For the parent it presents an increasingly difficult conflict. The parents have been caregivers and caretakers to their children for decades. I know even as a middle-aged psychologist I consulted my parents for advice when writing books or articles. And, of course, a mother will be Mom no matter how old she is. Gradually, the parent comes to rely on his or her children for more and more things. There develops both an appreciation and a resentment. "Don't treat me like a child!" punctuates the end of many conversations. These behaviors are based in a perceived loss of dignity and self-respect. The degree to which a parent adapts to the changes associated with aging, including illnesses, will generally determine the degree to which the parent-adult child conflict escalates. Naturally, all of this is compounded by conditions such as Alzheimer's, loss of bladder and/or bowel control, loss of a significant others, or necessary changes of residence, such as to assisted living quarters, convalescent homes, or even moving in with an adult child. Suddenly, parents have to allow themselves to be cared for by their children. The stark reality of aging and one's own mortality is never more defined.
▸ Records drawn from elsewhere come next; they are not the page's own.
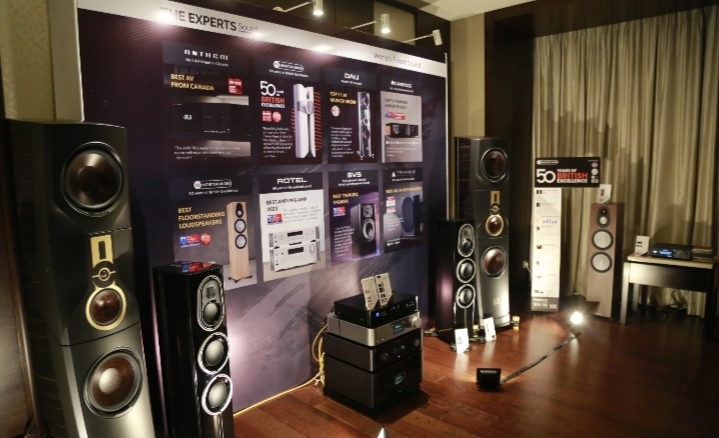 Jadi Surganya Sound System, Penikmat Musik Yuk Hadiri Pameran Audio Video Show 2023 Di Jakarta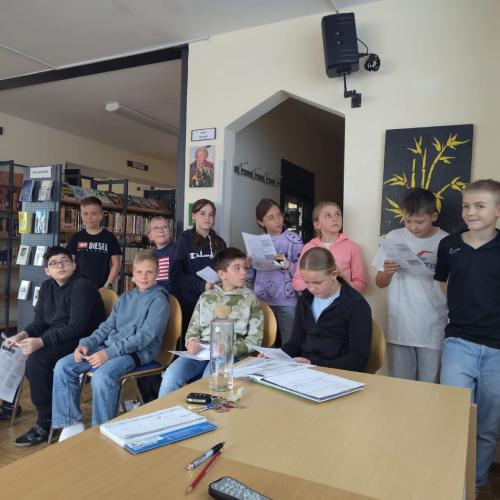 1b bei Leseprojekt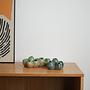 Steckigel Vase Keramik 1960er Jahre 7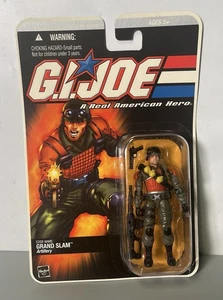 GI Joe: A Real American Hero "Grand Slam" Artillery Actionfigur Hasbro Neu in OVP - Bild 1 von 6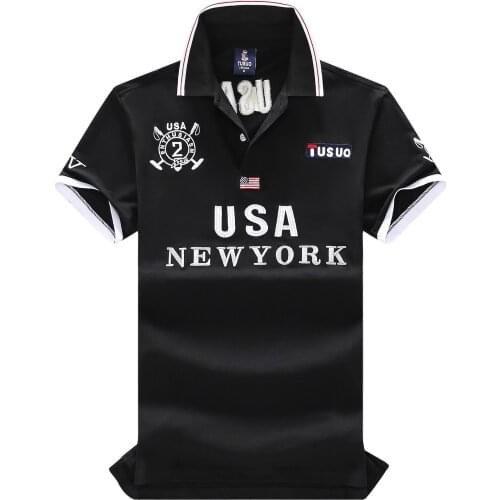 TS Short Sleeve T-shirts For Men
Parents do not want to be a burden to their children but recognize they need help.
For the adult child, there too exist conflicts. Watching a parent age also beginsto define the adult child's mortality. The adult child begins to struggle with the concept of role reversal. He or she must now not only be responsible for any children in the family and themselves as they prepare for aging, but must also take the needs of the aging parent(s) into consideration. Then the emotion of guilt enters the scene as the adult child feels remorse for having any negative thoughts. "What a bad person I must be to resent having to care for my parents when they gave so much of themselves to me!"
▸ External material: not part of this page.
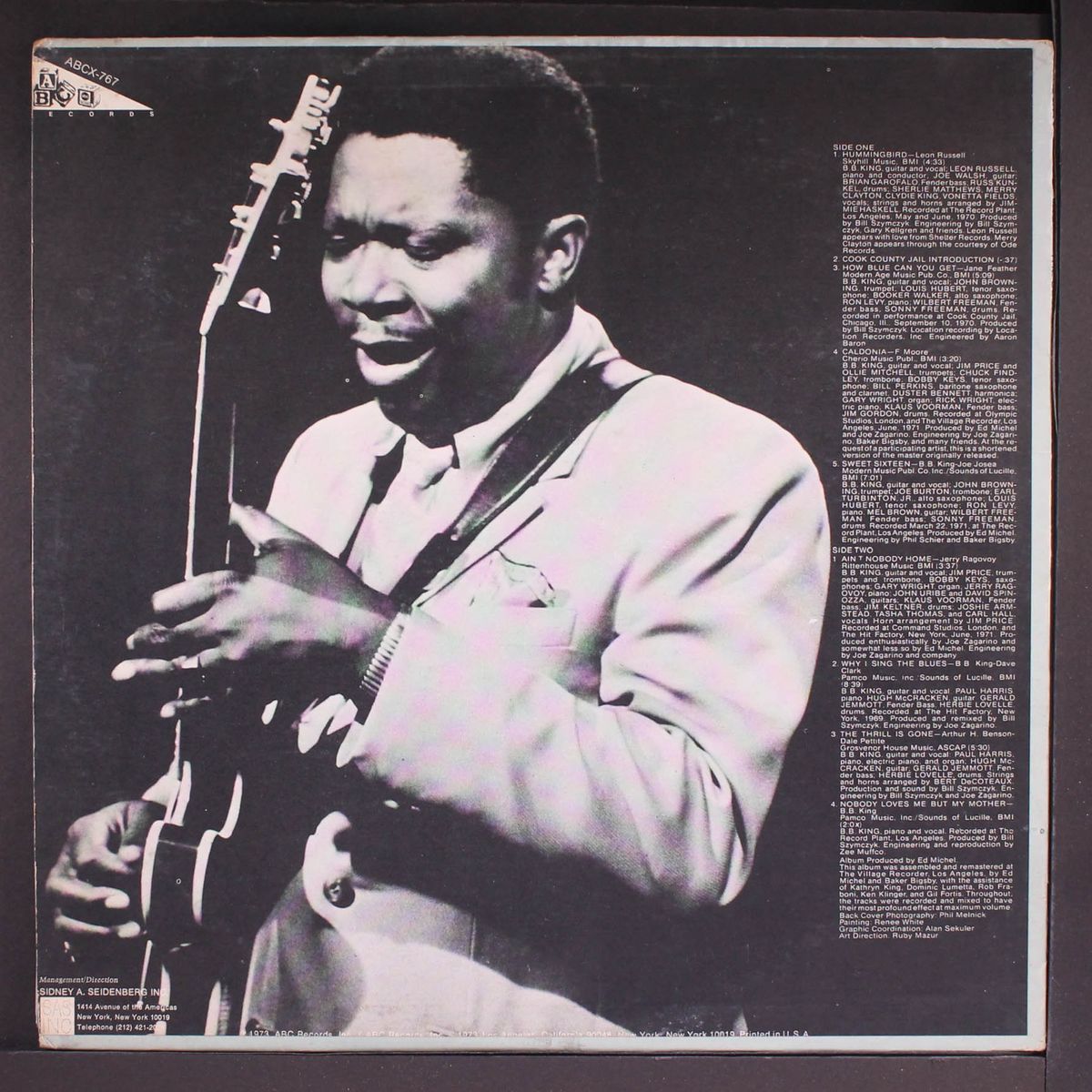 best of by B.B. KING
All should know such mixed emotions are perfectly normal. Rather than suppress such feelings, they should be openly discussed with other family members in an honest and supportive fashion. Attempting to repress such powerful emotions in secrecy out of guilt only exacerbates the whole situation. Educating oneself and possibly seeking assistance from a professional can often avert difficulties or stem the deterioration of a current situation.
It IS a real role reversal. It IS often difficult. It IS a normal part of the life cycle of human beings, and we all experience it to some degree. It IS a delicate balancing act. The most important point is that the aging parent(s) should be treated with dignity and respect while ensuring their safety and well-being. Openness allows a secure forum for both. No one says it is going to be easy. And, by the way, if you have children, how you treat your aging parent(s) will be a model for how your children are to treat you!!